UHRP Documents Continuing Assimilationist Policy Targeting Uyghur Children
January 27, 2022, 8:00 a.m. EST
For Immediate Release
Contact: Omer Kanat +1 (202) 790-1795, Peter Irwin +1 (646) 906-7722
The Uyghur Human Rights Project (UHRP) has released a new briefing, Coerced Kinship: The Pomegranate Flower Plan and the Forced Assimilation of Uyghur Children, documenting the deep intrusion of local government officials into the family lives of Uyghurs.
In September 2021, authorities in one East Turkistan village formally rolled out the “Pomegranate Flower Plan,” an initiative to match Uyghur children and children of other ethnic groups across China as “pomegranate pairs.” The name of the program links to Xi Jinping’s pronouncement that “all ethnic groups must cluster together like pomegranate seeds,” which has become a byword for assimilationist policies in the People’s Republic of China (PRC).
UHRP is concerned that Uyghur participants are given no choice in the decision to take part in this program, a violation of their rights to family life and unity. The unidirectional flow of “exchange” from Han children to Uyghur participants in the program further violates Uyghurs’ linguistic and cultural rights. We recommend close scrutiny of “pomegranate” programs in Chinese state media and social media.
“The Pomegranate Flower Plan illustrates how Chinese officials see no boundaries between the state and personal lives. The initiative is likely the brainchild of an ambitious party functionary looking to please superiors. In an environment of intense surveillance and assimilation, private spaces are no longer a reality for Uyghurs. Authorities view any room for private life as a threat, giving rise to ludicrous schemes,” said UHRP Executive Director Omer Kanat.
Dr. Elise Anderson, the author of the briefing, noted, “This briefing offers insight into the everyday struggle of Uyghurs against the assimilationist intentions of the Chinese party-state. Beyond the urgency of the Chinese state’s genocidal policies targeting all Uyghurs are the underreported local initiatives that force families to participate in state-imposed indoctrination and performative programs, in order to avoid detention or incarceration. The fact that children are the focus makes the Pomegranate Flower Plan even more insidious.”

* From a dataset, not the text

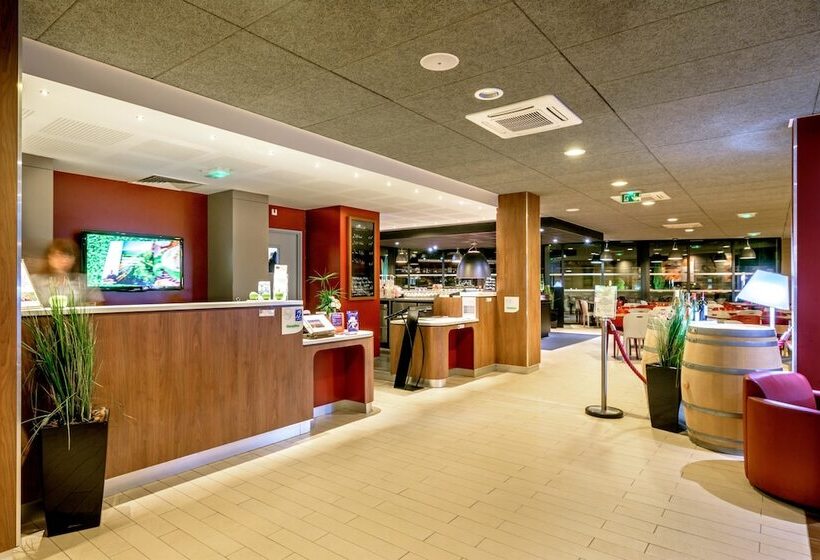 Fotos del hotel Campanile Toulouse Balma - Cité De L'espace:  40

Since the beginning of the mass internment campaign in East Turkistan in 2017, outside observers have expressed concern about the impacts of the atrocities on Uyghur children. Ample evidence has emerged to show that Uyghur children have been deeply affected by the crisis. Children have been forcibly separated from their parents on a long-term basis, institutionalized in orphanages and boarding schools, and put into educational settings where they are not allowed to produce and consume knowledge in their native language. Authorities have also rolled out policies intended to prevent the births of future generations of Uyghur children—a fact which ultimately led an independent tribunal to issue a December 2021 judgment that the actions of the Chinese party-state rise to the level of genocide.
In Coerced Kinship: The Pomegranate Flower Plan and the Forced Assimilation of Uyghur Children, UHRP presents evidence of unabated government- and party-supported efforts to intervene in and re-engineer Uyghur life.

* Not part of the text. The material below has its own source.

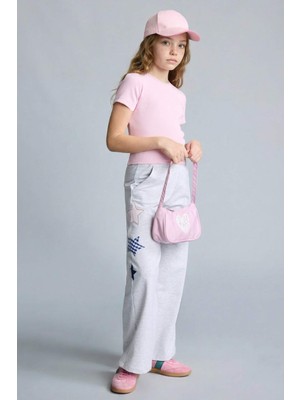 DeFacto Wide Leg Eşofman Altı Kız Çocuk G8648A826SM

We collected evidence from Chinese state media and social media to analyze the significance of the Pomegranate Flower Program. The program, an officially backed local-level initiative to foster interethnic “kinship” between Uyghur children from East Turkistan and children of other ethnic groups from across the PRC, was introduced in a village in Kashgar prefecture in September 2021 and apparently continues to operate in this location as of January 2022.
Examining this local initiative gives us a chance to zoom into the experience of daily life in East Turkistan’s townships and villages, which have long been sites of tight surveillance and control. The Pomegranate Flower Program gives insight into how local leaders adopt slogans and implement policies inspired by the top of the political hierarchy, as well as how those leaders instrumentalize social policy and other governance institutions to continue controlling Uyghur lives.
In this context, the local-level Pomegranate Flower Plan is part of an officially sanctioned effort to destroy Uyghur culture and social life, replacing them with coerced kinship based in Mandarin as a common language and love of the party-state as a core value. We are deeply concerned that Uyghur participation in the program is involuntary—a violation of fundamental rights.